### SOURCE DATA
____________________
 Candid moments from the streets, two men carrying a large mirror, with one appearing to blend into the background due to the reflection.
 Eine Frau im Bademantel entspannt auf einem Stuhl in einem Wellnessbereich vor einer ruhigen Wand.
____________________
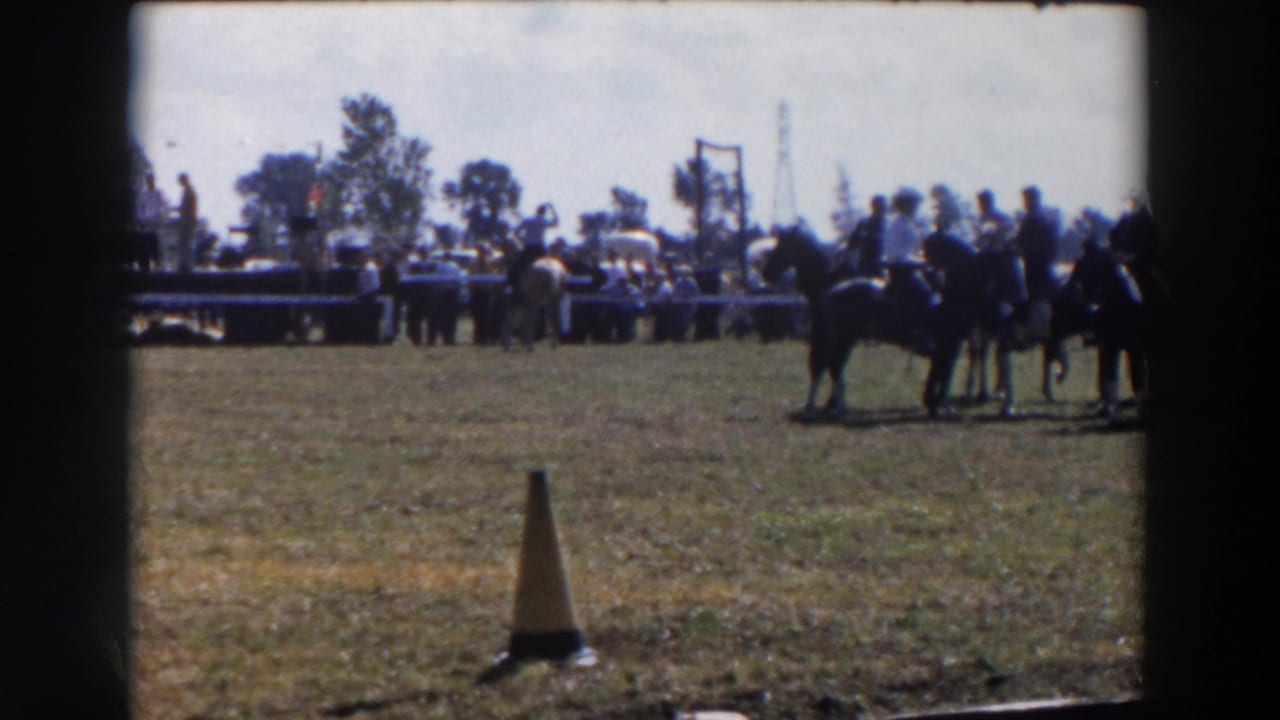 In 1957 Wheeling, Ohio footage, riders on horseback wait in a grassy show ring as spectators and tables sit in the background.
____________________
### YOUR GOAL
In the data above, find the line with "Candid moments from" and the line with "Eine Frau im". Retype both, plus every line between them, exactly.

### TASK SOLUTION
 Candid moments from the streets, two men carrying a large mirror, with one appearing to blend into the background due to the reflection.
 Eine Frau im Bademantel entspannt auf einem Stuhl in einem Wellnessbereich vor einer ruhigen Wand.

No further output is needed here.